DIRECTIONS: Return the records that follow, unchanged and complete.

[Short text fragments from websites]
----
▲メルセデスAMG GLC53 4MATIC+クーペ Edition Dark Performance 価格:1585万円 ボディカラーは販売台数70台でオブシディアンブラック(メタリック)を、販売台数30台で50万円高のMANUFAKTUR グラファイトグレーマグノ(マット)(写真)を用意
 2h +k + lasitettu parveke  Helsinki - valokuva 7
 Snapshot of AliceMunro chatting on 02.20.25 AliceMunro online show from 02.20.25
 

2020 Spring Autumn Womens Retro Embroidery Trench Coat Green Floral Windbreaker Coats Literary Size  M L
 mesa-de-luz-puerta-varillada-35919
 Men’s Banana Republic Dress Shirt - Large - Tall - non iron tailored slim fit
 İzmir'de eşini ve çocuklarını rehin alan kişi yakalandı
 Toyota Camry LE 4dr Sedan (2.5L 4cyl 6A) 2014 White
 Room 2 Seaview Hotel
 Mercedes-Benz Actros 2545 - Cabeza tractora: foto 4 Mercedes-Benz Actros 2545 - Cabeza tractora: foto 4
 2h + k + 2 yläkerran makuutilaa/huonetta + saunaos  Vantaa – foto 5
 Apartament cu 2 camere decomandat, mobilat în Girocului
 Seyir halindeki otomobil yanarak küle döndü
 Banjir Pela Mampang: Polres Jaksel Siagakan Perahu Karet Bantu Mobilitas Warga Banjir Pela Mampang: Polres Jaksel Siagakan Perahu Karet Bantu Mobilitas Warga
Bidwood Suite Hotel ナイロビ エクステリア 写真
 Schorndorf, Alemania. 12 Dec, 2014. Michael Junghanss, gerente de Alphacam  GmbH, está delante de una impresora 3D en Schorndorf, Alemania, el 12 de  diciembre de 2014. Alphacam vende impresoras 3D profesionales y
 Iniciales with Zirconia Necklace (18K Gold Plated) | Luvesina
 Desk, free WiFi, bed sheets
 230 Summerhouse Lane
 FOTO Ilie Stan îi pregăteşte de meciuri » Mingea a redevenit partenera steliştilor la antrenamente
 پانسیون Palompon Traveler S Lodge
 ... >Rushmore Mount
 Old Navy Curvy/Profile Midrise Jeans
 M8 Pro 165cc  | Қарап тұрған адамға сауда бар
----
ANSWER TO THIS EXERCISE:
▲メルセデスAMG GLC53 4MATIC+クーペ Edition Dark Performance 価格:1585万円 ボディカラーは販売台数70台でオブシディアンブラック(メタリック)を、販売台数30台で50万円高のMANUFAKTUR グラファイトグレーマグノ(マット)(写真)を用意
 2h +k + lasitettu parveke  Helsinki - valokuva 7
 Snapshot of AliceMunro chatting on 02.20.25 AliceMunro online show from 02.20.25
 

2020 Spring Autumn Womens Retro Embroidery Trench Coat Green Floral Windbreaker Coats Literary Size  M L
 mesa-de-luz-puerta-varillada-35919
 Men’s Banana Republic Dress Shirt - Large - Tall - non iron tailored slim fit
 İzmir'de eşini ve çocuklarını rehin alan kişi yakalandı
 Toyota Camry LE 4dr Sedan (2.5L 4cyl 6A) 2014 White
 Room 2 Seaview Hotel
 Mercedes-Benz Actros 2545 - Cabeza tractora: foto 4 Mercedes-Benz Actros 2545 - Cabeza tractora: foto 4
 2h + k + 2 yläkerran makuutilaa/huonetta + saunaos  Vantaa – foto 5
 Apartament cu 2 camere decomandat, mobilat în Girocului
 Seyir halindeki otomobil yanarak küle döndü
 Banjir Pela Mampang: Polres Jaksel Siagakan Perahu Karet Bantu Mobilitas Warga Banjir Pela Mampang: Polres Jaksel Siagakan Perahu Karet Bantu Mobilitas Warga
Bidwood Suite Hotel ナイロビ エクステリア 写真
 Schorndorf, Alemania. 12 Dec, 2014. Michael Junghanss, gerente de Alphacam  GmbH, está delante de una impresora 3D en Schorndorf, Alemania, el 12 de  diciembre de 2014. Alphacam vende impresoras 3D profesionales y
 Iniciales with Zirconia Necklace (18K Gold Plated) | Luvesina
 Desk, free WiFi, bed sheets
 230 Summerhouse Lane
 FOTO Ilie Stan îi pregăteşte de meciuri » Mingea a redevenit partenera steliştilor la antrenamente
 پانسیون Palompon Traveler S Lodge
 ... >Rushmore Mount
 Old Navy Curvy/Profile Midrise Jeans
 M8 Pro 165cc  | Қарап тұрған адамға сауда бар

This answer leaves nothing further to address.